--- Problem to work on ---
Only lines holding "ENGAGEMENT" are needed; copy each of them from the data below.

--- Listed entries ---
--- START ---

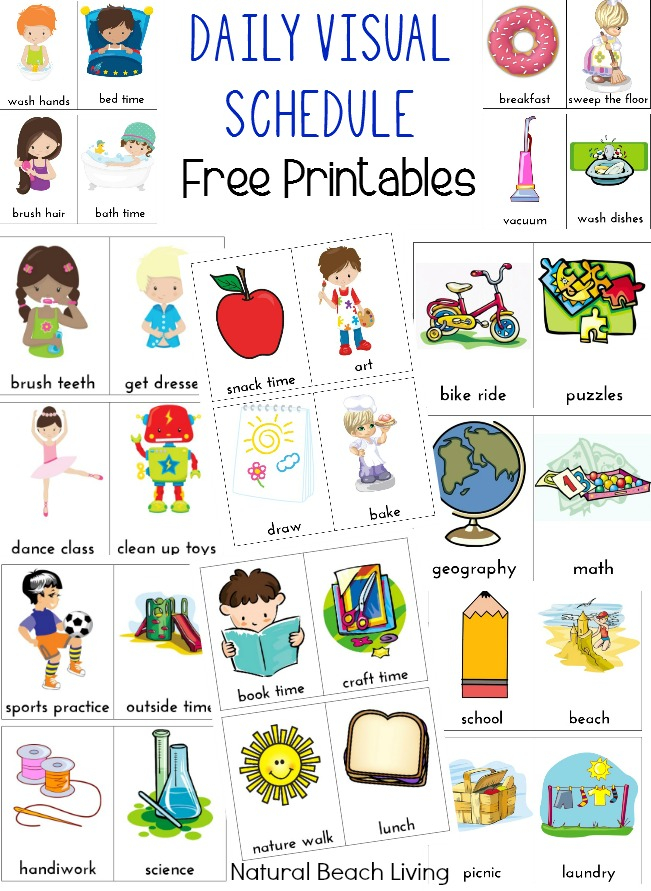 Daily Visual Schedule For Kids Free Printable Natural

--- END ---
--- START ---

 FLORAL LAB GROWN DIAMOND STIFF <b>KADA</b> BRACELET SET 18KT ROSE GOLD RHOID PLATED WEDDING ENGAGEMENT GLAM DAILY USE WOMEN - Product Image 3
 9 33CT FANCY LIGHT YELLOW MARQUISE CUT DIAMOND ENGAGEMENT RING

--- END ---

--- Result below ---
 FLORAL LAB GROWN DIAMOND STIFF <b>KADA</b> BRACELET SET 18KT ROSE GOLD RHOID PLATED WEDDING ENGAGEMENT GLAM DAILY USE WOMEN - Product Image 3
 9 33CT FANCY LIGHT YELLOW MARQUISE CUT DIAMOND ENGAGEMENT RING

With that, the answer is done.